> _Exercise goal_
With pictures excluded, copy word for word the lines in the data below from the line containing "Река Курджипс. Вид" through the line containing "Antoniacure".

---- Records to use

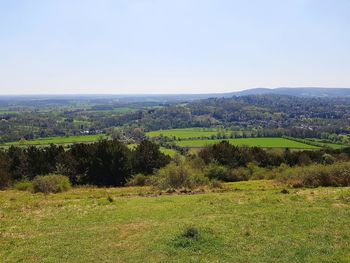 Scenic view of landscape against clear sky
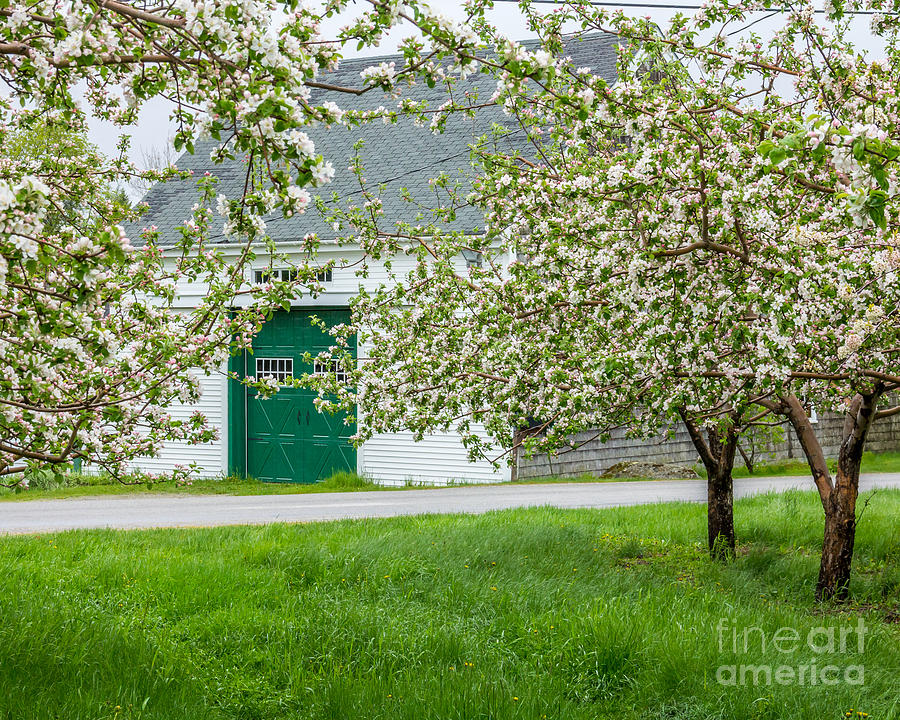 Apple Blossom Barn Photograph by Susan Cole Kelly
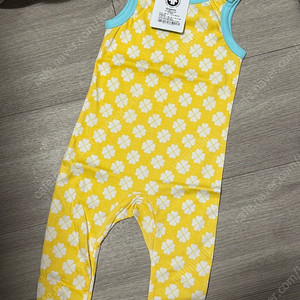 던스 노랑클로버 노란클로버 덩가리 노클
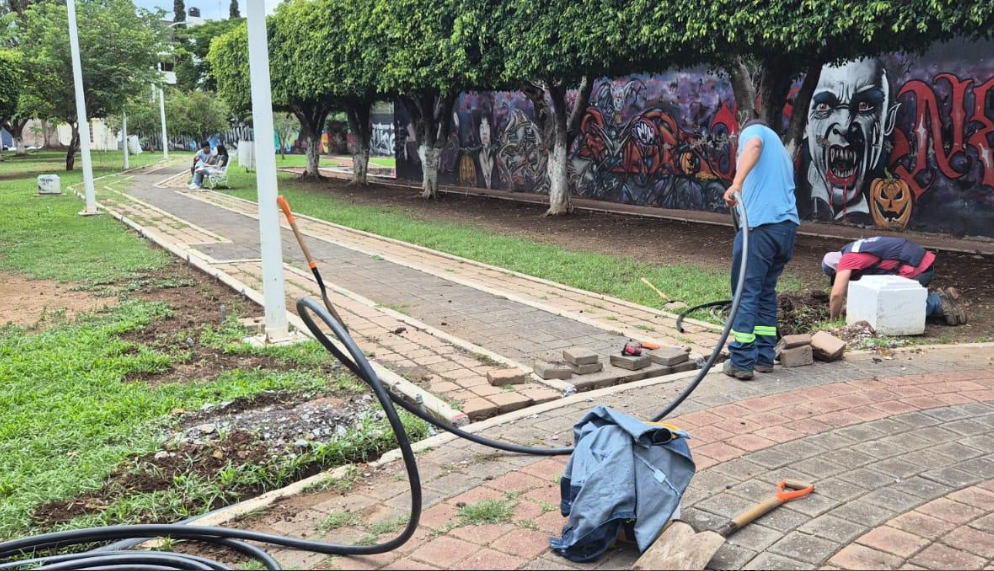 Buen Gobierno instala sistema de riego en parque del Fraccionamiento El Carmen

--------
---- Records to use

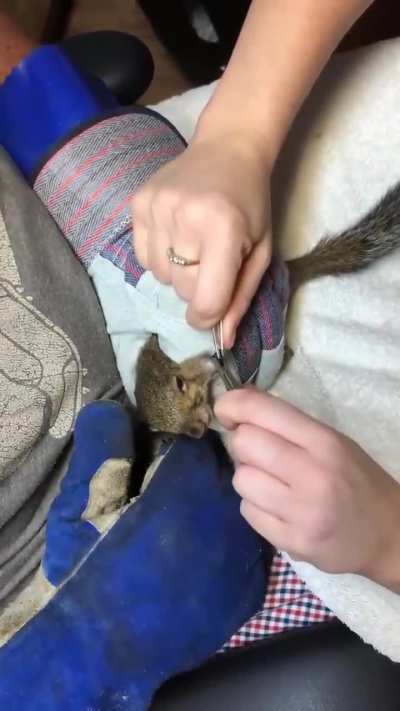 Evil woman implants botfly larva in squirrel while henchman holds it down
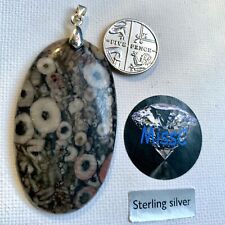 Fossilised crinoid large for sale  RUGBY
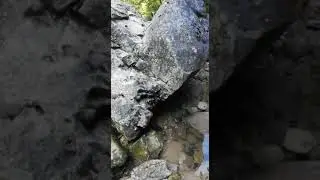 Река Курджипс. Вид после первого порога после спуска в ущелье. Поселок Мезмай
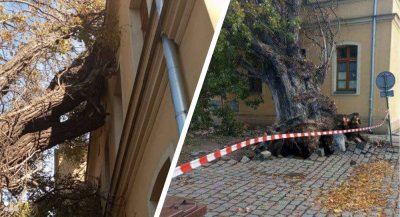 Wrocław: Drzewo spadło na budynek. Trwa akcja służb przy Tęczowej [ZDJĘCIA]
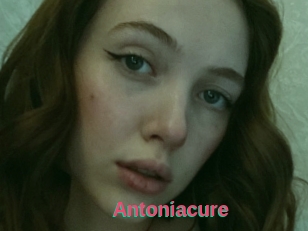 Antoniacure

--------

> _Response to this task_
 Река Курджипс. Вид после первого порога после спуска в ущелье. Поселок Мезмай
 Wrocław: Drzewo spadło na budynek. Trwa akcja służb przy Tęczowej [ZDJĘCIA]
 Antoniacure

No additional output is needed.